Action item.
Leave the pictures out and repeat the rest of the data below exactly.
*** Supplied material ***
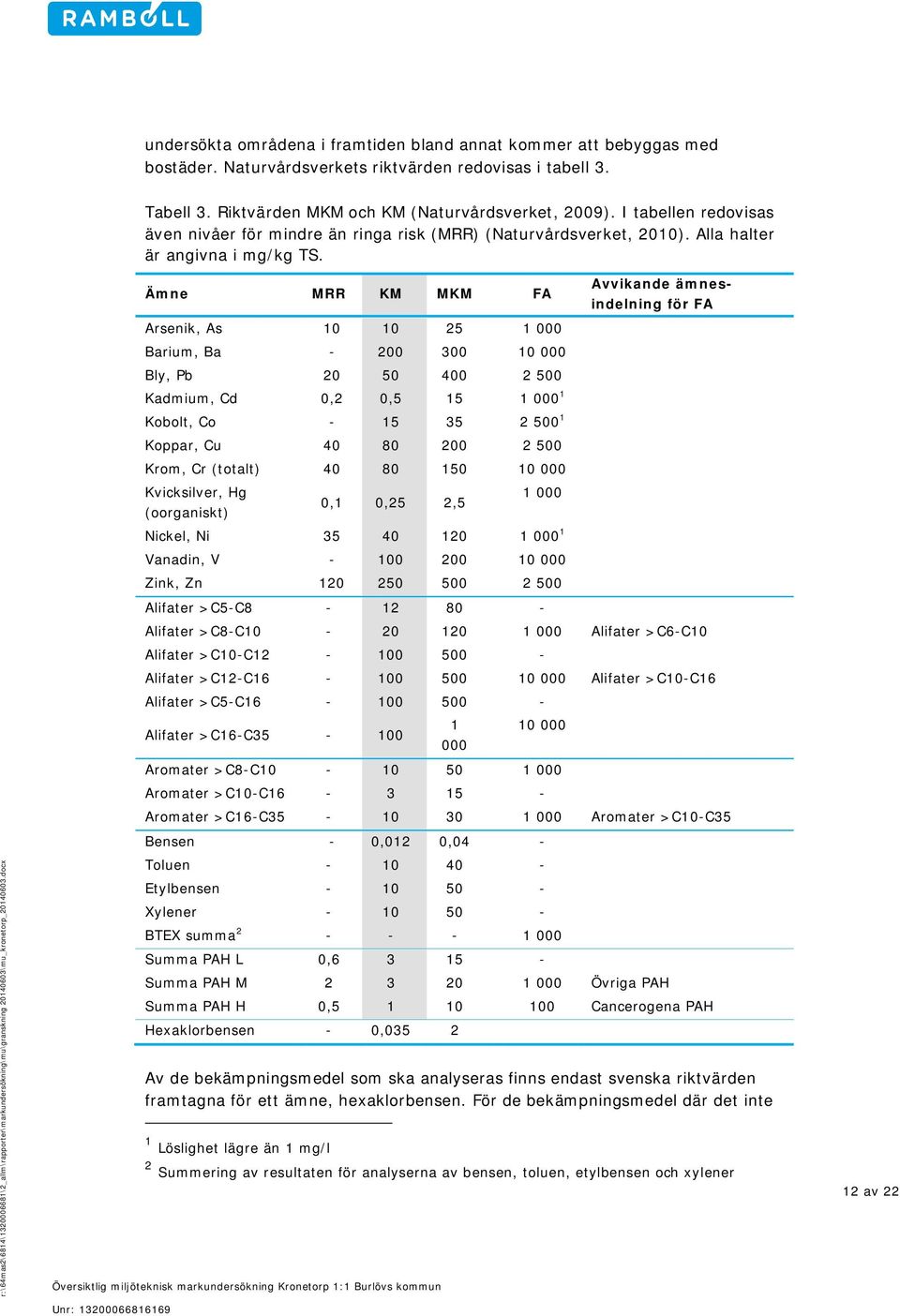 Ämne MRR KM MKM FA Avvikande ämnesindelning för FA Arsenik, As 10 10 25 1 000 Barium, Ba - 200 300 10 000 Bly, Pb 20 50 400 2 500 Kadmium, Cd 0,2 0,5 15 1 000 1 Kobolt, Co - 15 35 2 500 1 Koppar, Cu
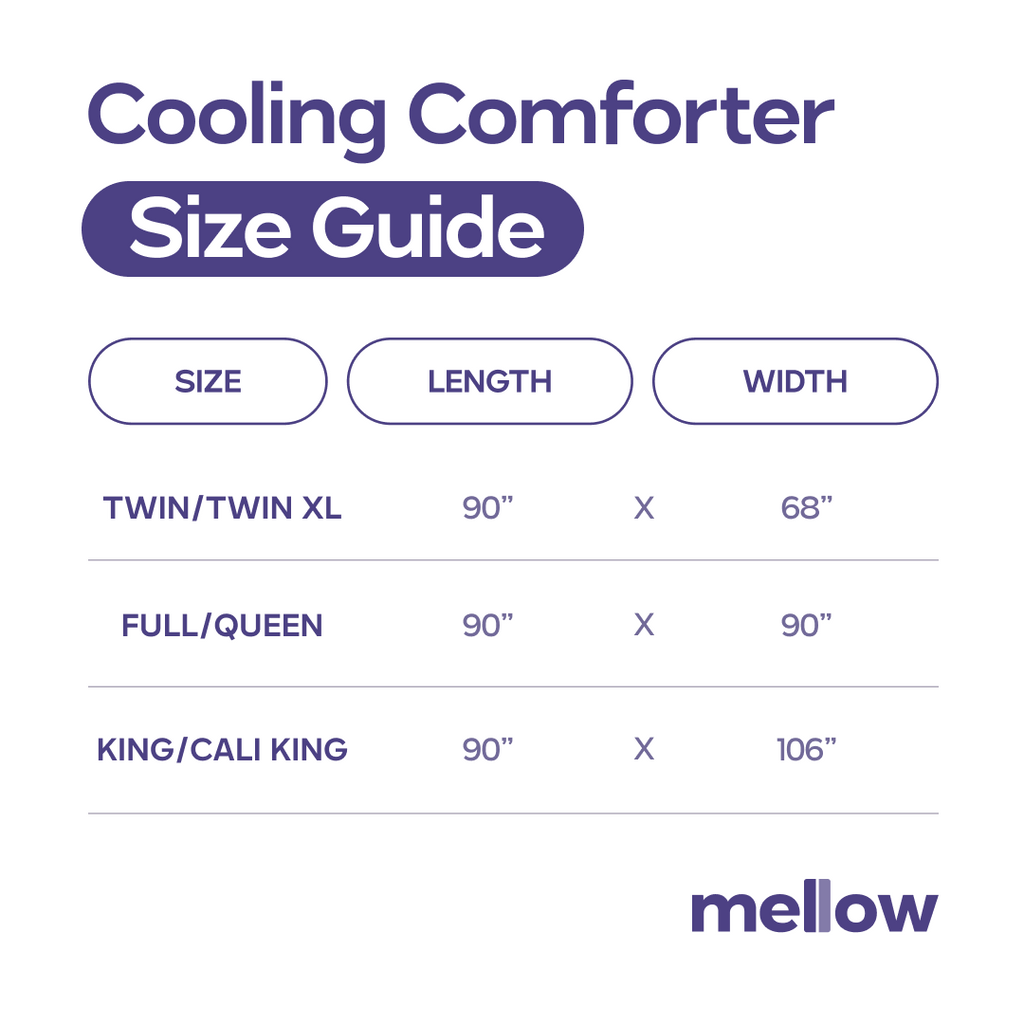CloudCool™ Cooling Comforter + 2 CloudAlign Pillows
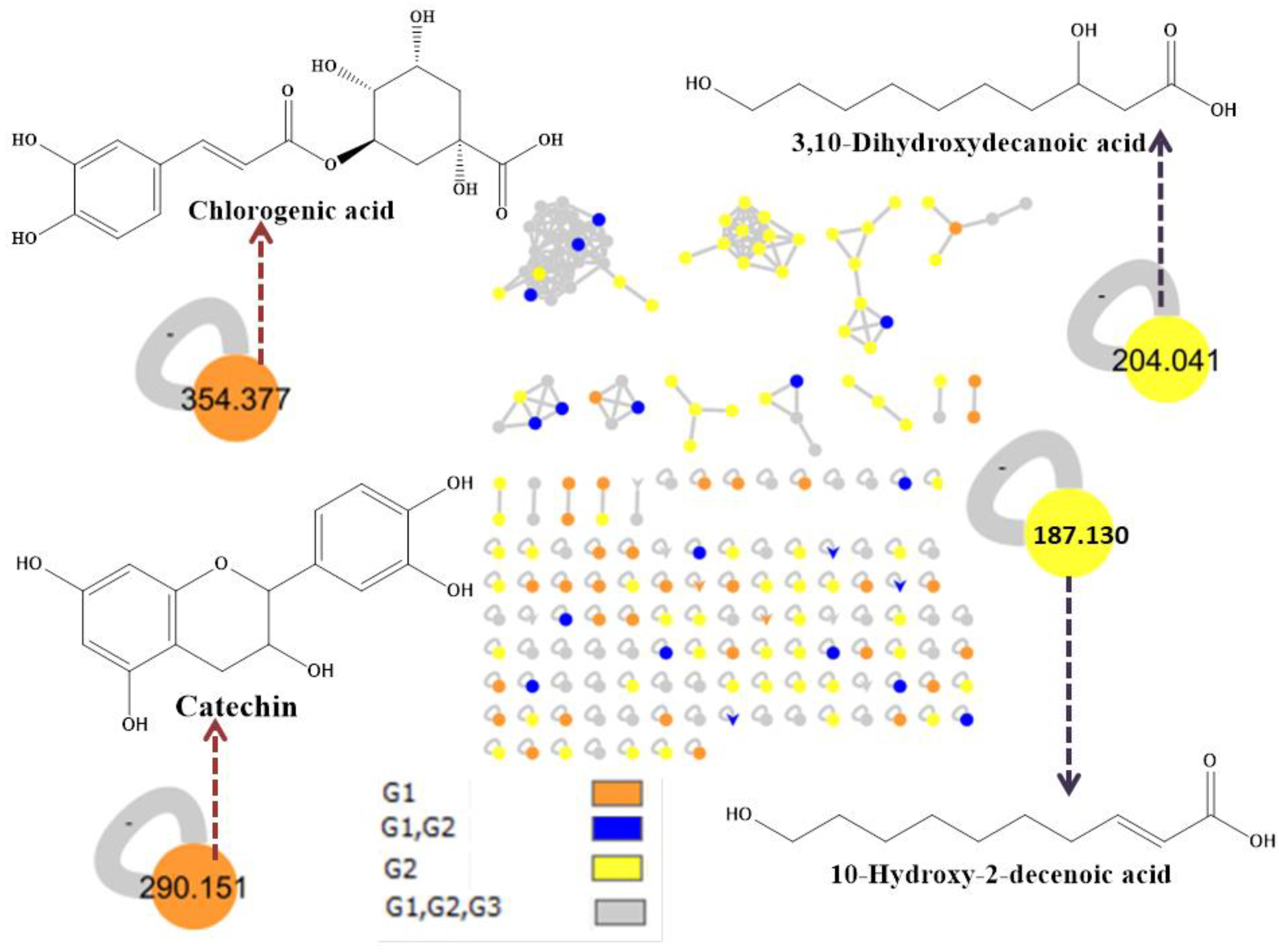 Nutrients 15 00119 g001 Nutrients 15 00119 g001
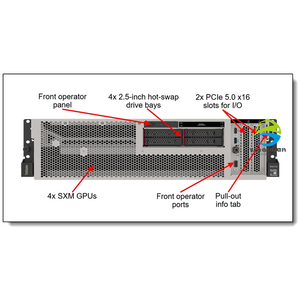 Hot Selling SR675 V3 Server <strong>Excellent</strong> <strong>Computing</strong> Capacity Featuring AMD EPYC 9124 CPU 2600W Power Supply SR675 V3 3U Rack Case - Product Image 2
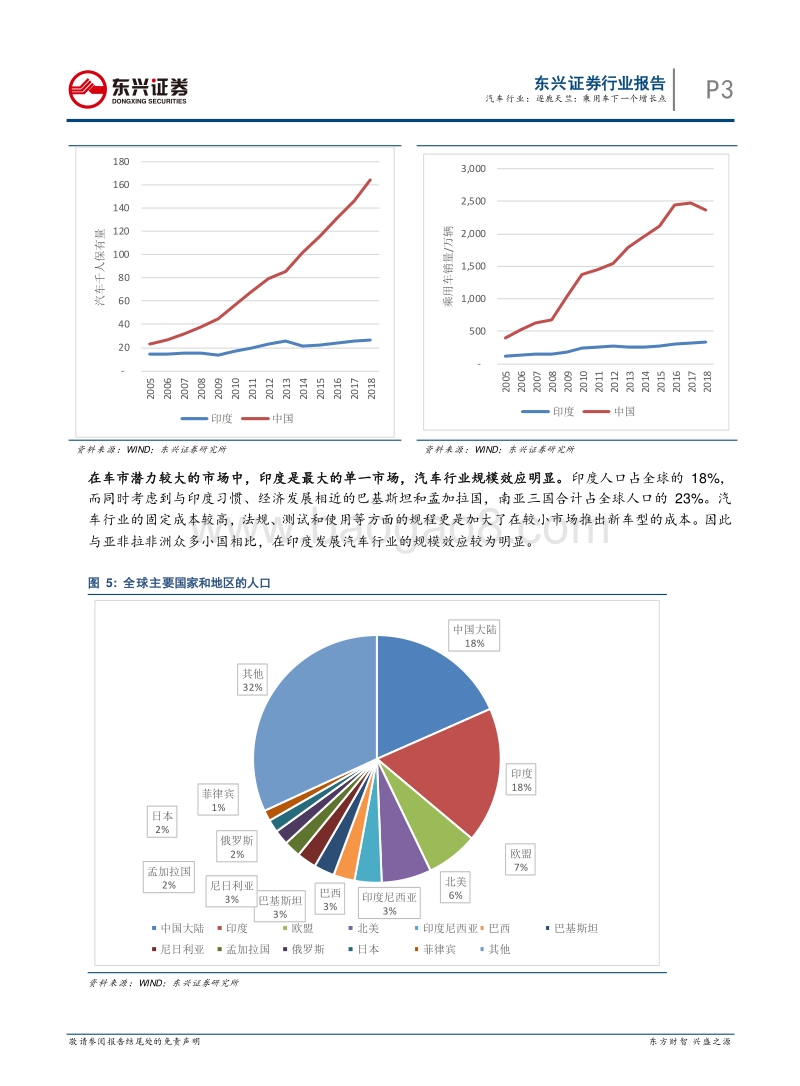 汽车行业中企出海系列报告之（二）：逐鹿天竺：乘用车下一个增长点.pdf_第3页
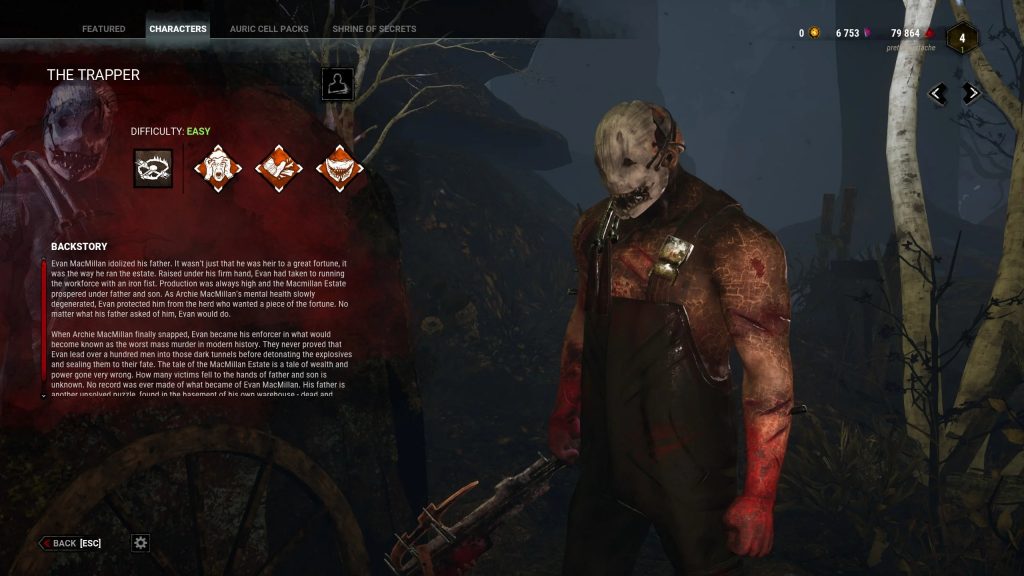 Dead By Daylight Characters Killers Ranked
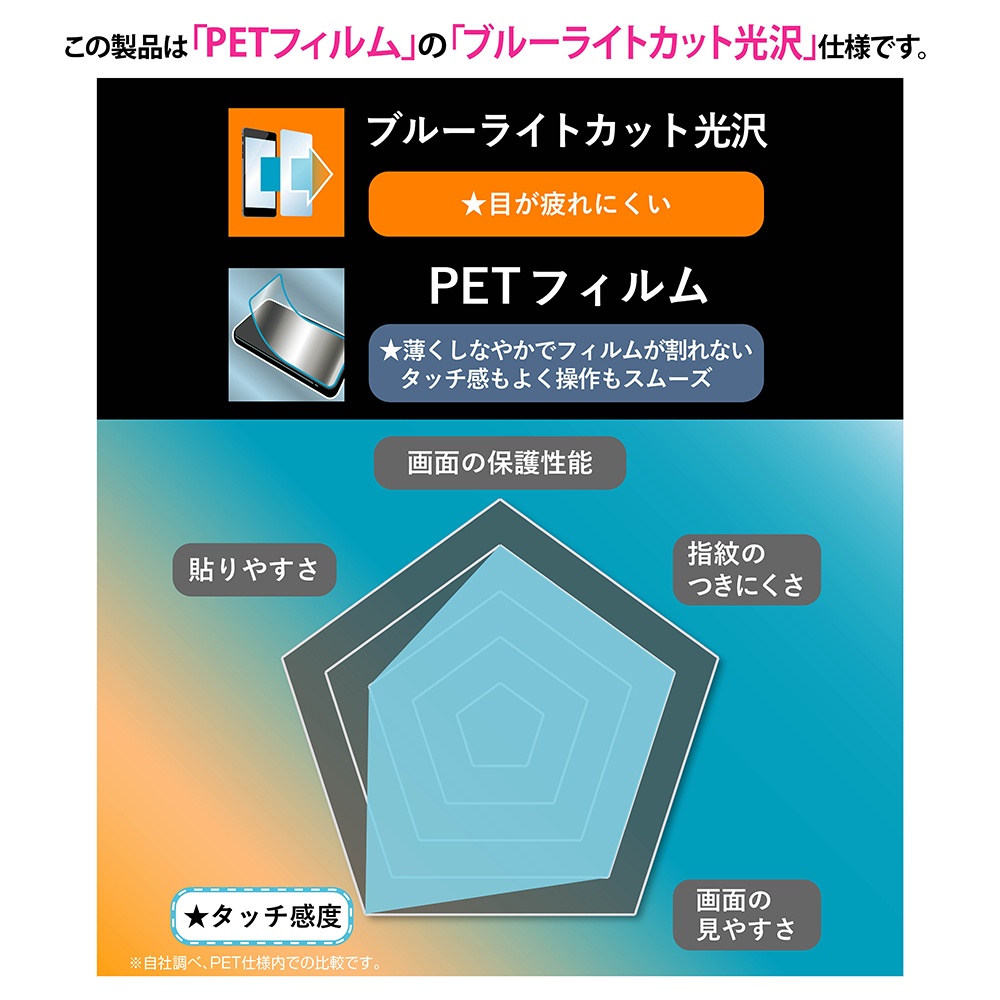 フィルム ブルーライトカット 高透明 耐衝撃 抗菌 抗ウィルス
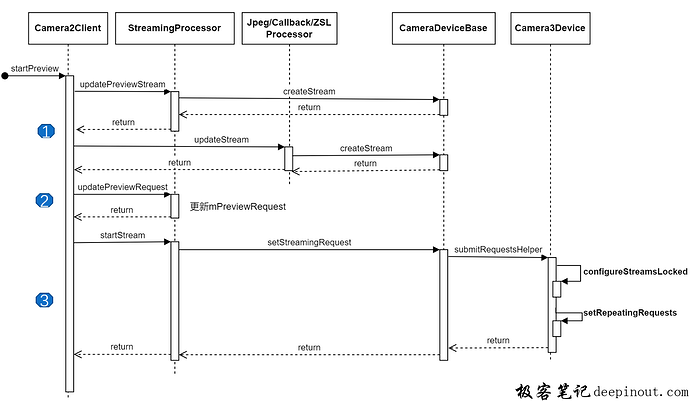 Camera Native FW API1和API2调用HAL3流程介绍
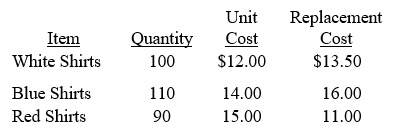 Stone's Department Store applies the lower-of-cost-or-market rule to its ending inventory. Required: A) What is Stone's ending inventory value if the lower-of-cost-or-market rule is applied on a total cost basis? B) What is Stone's ending inventory value if the lower-of-cost-or-market rule is applied on an item-by-item basis?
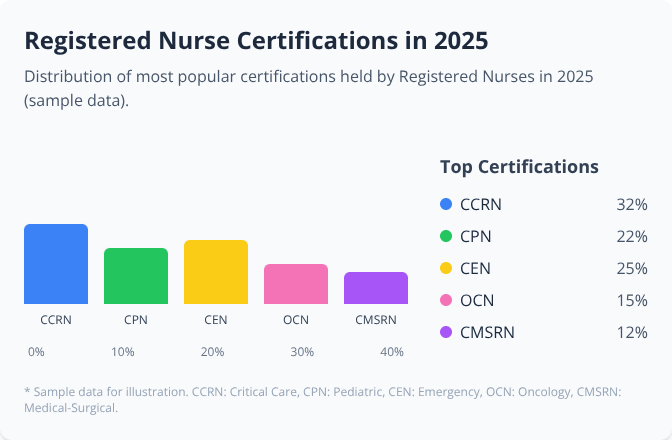 Bar chart showing 2025 distribution of top certifications for Registered Nurses: CCRN, CPN, CEN, OCN, CMSRN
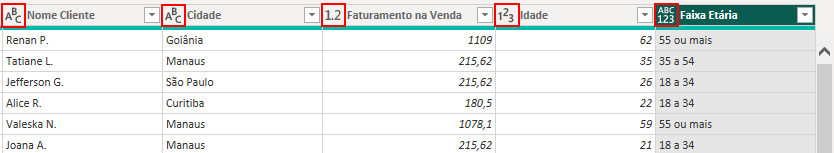 Tipo das Colunas no Power Query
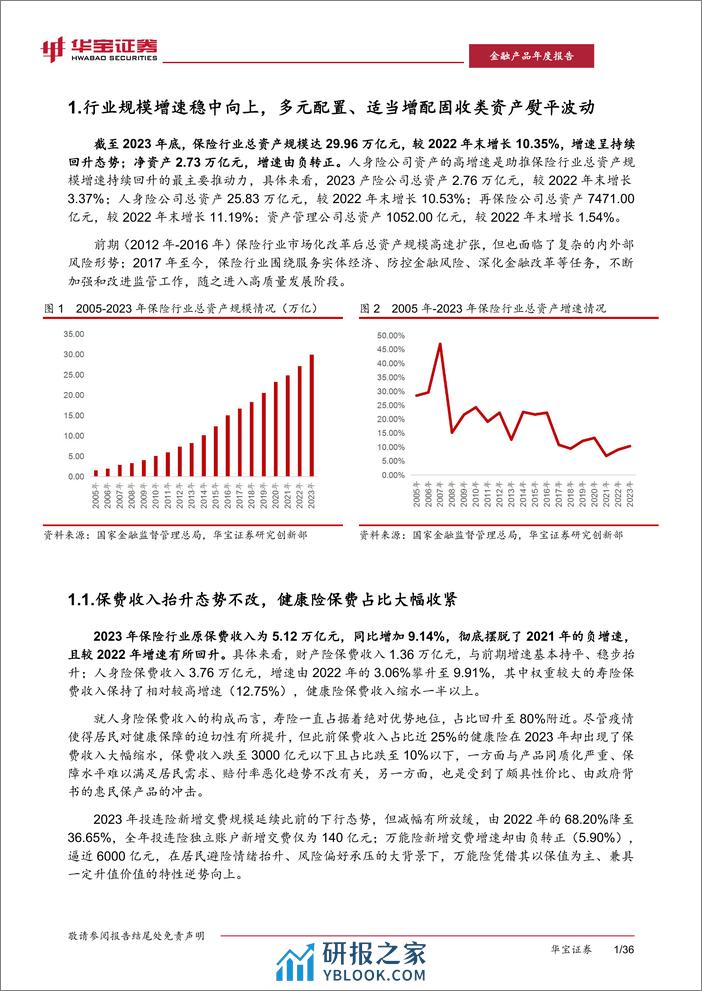 保险行业2023保险资产管理年度报告：初心如磐，应势而谋-240308-华宝证券-41页 - 第6页预览图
*** End of Supplied material ***
Result below.
 Ämne MRR KM MKM FA Avvikande ämnesindelning för FA Arsenik, As 10 10 25 1 000 Barium, Ba - 200 300 10 000 Bly, Pb 20 50 400 2 500 Kadmium, Cd 0,2 0,5 15 1 000 1 Kobolt, Co - 15 35 2 500 1 Koppar, Cu
CloudCool™ Cooling Comforter + 2 CloudAlign Pillows
 Nutrients 15 00119 g001 Nutrients 15 00119 g001
 Hot Selling SR675 V3 Server <strong>Excellent</strong> <strong>Computing</strong> Capacity Featuring AMD EPYC 9124 CPU 2600W Power Supply SR675 V3 3U Rack Case - Product Image 2
 汽车行业中企出海系列报告之（二）：逐鹿天竺：乘用车下一个增长点.pdf_第3页
 Dead By Daylight Characters Killers Ranked
 フィルム ブルーライトカット 高透明 耐衝撃 抗菌 抗ウィルス
 Camera Native FW API1和API2调用HAL3流程介绍
 Stone's Department Store applies the lower-of-cost-or-market rule to its ending inventory. Required: A) What is Stone's ending inventory value if the lower-of-cost-or-market rule is applied on a total cost basis? B) What is Stone's ending inventory value if the lower-of-cost-or-market rule is applied on an item-by-item basis?
 Bar chart showing 2025 distribution of top certifications for Registered Nurses: CCRN, CPN, CEN, OCN, CMSRN
 Tipo das Colunas no Power Query
 保险行业2023保险资产管理年度报告：初心如磐，应势而谋-240308-华宝证券-41页 - 第6页预览图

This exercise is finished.